Loveless of Lucera adds that relying on shared services offers one more, very important benefit: it can boost technological performance.

“We have this really interesting thing that has happened in the last seven or eight years. Network I/O continues to dramatically outstrip disc I/O. Given large amounts of scale out of a system, and lots of network connectivity, you’ll be able to read from a system faster than you’ll be able to read from a local disc. If I take your raw data and I split it across 100 servers and then I give you 10 gig cross-connects – which costs basically nothing – you’re going to be able to read that data faster from me than you’re going to be able to read it from yourself.”

Mastering the markets has long been a matter of mastering the networks – both human and technological – that make them up. What is different now is that the technological networks have changed so radically in the past few years. Any firm that has not moved with the change may find itself at a distinct disadvantage.

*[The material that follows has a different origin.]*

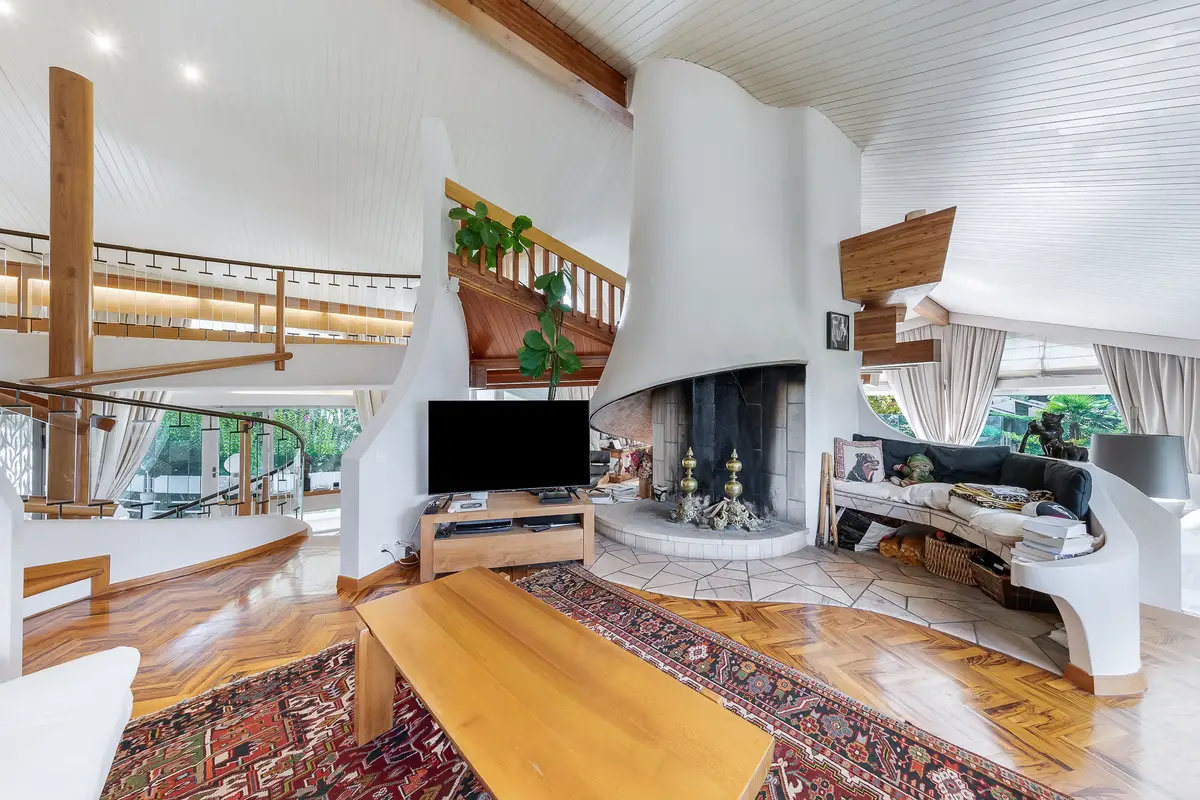 Villa d’architecte avec vue dégagée sur le lac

That may come from the higher costs and diminished flexibility arising from overreliance on sell-side brokers, or it may come from the reduced performance and agility stemming from using outdated systems. But for the firms that embrace their newfound power, a very different picture emerges. It’s a picture based on having more choices and gaining more control.


A view from the buy-side

The Realization Group spoke with one top executive at a tech-oriented quantitative fund to hear his views on how the trading landscape is changing, both for his fund and others.

Connectivity trends
Complete reliance on brokers for trading connectivity solutions is rarer now. Broker-neutral solutions began to become more popular as much as 10 years ago and are now common. “I don’t see that particularly going away,” the executive said. His firm puts all of its brokers on a broker-neutral platform.

OMS/EMS solutions
A lot of funds are still using legacy EMS/OMS systems. “We’ve actually built our own, which in a way is cloud based in that we host part of it in AWS (Amazon Web Services).”

Cloud usage
This fund uses the cloud extensively for research, post-trade analysis, TCA and similar work. “We haven’t shifted any core info there or any trading there, but we’ve essentially used that as the centre of our research infrastructure.” The executive knew of other quant firms increasingly using the cloud, not only start-ups but also established multi-billion-dollar firms. “I definitely see that’s the way.” Cloud providers allowed for more flexibility, particularly as funds took a hybrid approach, as his fund did.

The community
“I find it interesting talking to other COOs who are a lot less tech-focused on how old-school their infrastructures are… There are still people out there who have their own data centres and things like that – which is very, very 1990s.”

What’s needed for greater adoption of new technology?
The fund executive summed it up in one word: education. That applied both to regulators and their potential misconceptions and to investors as they needed to recognise the importance of technology/vendor due diligence.